- Opening Delimiter -
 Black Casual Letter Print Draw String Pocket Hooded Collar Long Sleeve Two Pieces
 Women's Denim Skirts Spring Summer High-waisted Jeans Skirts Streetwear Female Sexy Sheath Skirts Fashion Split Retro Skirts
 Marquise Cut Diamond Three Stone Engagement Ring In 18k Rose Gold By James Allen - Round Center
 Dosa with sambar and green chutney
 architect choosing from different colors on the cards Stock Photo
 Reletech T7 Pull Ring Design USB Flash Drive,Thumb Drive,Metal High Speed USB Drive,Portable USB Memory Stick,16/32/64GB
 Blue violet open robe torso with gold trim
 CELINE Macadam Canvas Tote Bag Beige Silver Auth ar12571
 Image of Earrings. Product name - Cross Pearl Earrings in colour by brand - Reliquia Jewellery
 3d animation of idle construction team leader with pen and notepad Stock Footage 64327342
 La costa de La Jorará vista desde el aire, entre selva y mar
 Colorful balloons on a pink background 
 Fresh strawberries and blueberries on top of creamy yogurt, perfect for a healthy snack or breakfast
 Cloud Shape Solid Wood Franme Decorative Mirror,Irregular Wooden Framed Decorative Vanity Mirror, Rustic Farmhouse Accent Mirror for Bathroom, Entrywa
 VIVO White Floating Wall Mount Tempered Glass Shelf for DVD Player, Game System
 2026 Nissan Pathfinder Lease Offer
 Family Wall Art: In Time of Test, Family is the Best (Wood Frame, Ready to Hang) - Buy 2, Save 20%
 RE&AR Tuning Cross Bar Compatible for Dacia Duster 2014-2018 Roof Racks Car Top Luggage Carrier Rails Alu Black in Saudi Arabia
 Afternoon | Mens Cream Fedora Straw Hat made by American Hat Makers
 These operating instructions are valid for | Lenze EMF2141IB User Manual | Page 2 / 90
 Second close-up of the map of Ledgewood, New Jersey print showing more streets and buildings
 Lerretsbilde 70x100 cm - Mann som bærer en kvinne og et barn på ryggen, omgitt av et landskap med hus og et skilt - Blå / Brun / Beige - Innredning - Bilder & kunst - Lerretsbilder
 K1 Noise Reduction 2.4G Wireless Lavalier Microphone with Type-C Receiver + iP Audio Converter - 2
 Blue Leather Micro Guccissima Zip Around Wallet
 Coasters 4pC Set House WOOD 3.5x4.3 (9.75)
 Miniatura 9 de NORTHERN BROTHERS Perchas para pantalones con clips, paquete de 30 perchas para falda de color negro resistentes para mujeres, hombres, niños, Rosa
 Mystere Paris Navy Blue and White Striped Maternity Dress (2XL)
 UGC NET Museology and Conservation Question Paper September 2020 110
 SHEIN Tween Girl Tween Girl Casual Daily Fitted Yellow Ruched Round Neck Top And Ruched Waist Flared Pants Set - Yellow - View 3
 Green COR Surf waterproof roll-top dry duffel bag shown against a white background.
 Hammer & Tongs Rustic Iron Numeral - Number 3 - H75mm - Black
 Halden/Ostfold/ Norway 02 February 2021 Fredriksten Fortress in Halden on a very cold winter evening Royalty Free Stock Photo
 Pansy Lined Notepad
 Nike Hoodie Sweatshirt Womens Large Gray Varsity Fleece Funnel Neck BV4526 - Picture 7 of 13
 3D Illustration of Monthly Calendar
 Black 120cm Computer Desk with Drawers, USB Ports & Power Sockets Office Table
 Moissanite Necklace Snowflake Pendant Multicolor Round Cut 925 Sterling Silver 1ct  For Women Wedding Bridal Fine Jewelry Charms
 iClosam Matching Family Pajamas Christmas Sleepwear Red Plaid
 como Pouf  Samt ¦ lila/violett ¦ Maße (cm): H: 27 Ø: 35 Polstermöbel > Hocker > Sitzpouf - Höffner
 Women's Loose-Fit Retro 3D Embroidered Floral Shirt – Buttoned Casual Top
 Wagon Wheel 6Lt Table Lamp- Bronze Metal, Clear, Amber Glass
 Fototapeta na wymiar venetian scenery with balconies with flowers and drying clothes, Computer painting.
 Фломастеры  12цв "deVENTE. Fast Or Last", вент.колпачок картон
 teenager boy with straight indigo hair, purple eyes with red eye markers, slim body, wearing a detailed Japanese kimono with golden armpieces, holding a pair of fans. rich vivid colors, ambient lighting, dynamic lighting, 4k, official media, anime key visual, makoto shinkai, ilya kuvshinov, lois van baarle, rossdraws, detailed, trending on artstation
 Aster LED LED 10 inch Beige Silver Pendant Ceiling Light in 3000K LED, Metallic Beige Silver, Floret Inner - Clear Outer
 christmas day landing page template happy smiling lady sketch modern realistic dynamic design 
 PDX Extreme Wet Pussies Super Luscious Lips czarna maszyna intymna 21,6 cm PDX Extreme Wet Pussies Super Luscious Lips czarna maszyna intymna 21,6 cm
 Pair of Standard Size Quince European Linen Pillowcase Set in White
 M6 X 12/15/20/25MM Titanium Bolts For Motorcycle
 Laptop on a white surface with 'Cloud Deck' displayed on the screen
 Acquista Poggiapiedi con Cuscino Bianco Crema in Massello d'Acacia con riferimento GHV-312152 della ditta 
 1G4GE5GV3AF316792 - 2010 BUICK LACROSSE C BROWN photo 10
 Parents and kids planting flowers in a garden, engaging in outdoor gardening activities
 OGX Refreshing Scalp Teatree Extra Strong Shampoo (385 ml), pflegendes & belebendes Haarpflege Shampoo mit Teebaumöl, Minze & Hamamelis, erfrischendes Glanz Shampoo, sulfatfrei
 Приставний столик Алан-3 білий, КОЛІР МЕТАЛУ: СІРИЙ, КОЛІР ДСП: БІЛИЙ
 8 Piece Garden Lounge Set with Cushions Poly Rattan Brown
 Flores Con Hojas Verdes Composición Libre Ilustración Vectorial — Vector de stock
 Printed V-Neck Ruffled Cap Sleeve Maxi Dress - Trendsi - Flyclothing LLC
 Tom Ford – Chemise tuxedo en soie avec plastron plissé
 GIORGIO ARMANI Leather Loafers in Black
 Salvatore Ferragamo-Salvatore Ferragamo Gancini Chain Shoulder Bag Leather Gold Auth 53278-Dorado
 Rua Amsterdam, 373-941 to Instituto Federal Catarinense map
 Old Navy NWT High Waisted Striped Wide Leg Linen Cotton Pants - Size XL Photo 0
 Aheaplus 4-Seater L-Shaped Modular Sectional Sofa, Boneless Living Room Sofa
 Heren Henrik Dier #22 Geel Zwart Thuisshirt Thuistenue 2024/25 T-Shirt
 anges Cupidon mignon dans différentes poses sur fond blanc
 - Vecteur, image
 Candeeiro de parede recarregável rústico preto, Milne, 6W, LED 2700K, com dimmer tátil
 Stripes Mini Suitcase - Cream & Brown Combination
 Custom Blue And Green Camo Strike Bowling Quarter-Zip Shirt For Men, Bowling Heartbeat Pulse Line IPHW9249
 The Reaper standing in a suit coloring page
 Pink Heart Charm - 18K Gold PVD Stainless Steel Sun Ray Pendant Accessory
- Closing Delimiter -
*Task instructions:*
Provide solely the number of lines in the listing that contain "Family".

*Expected output:*
2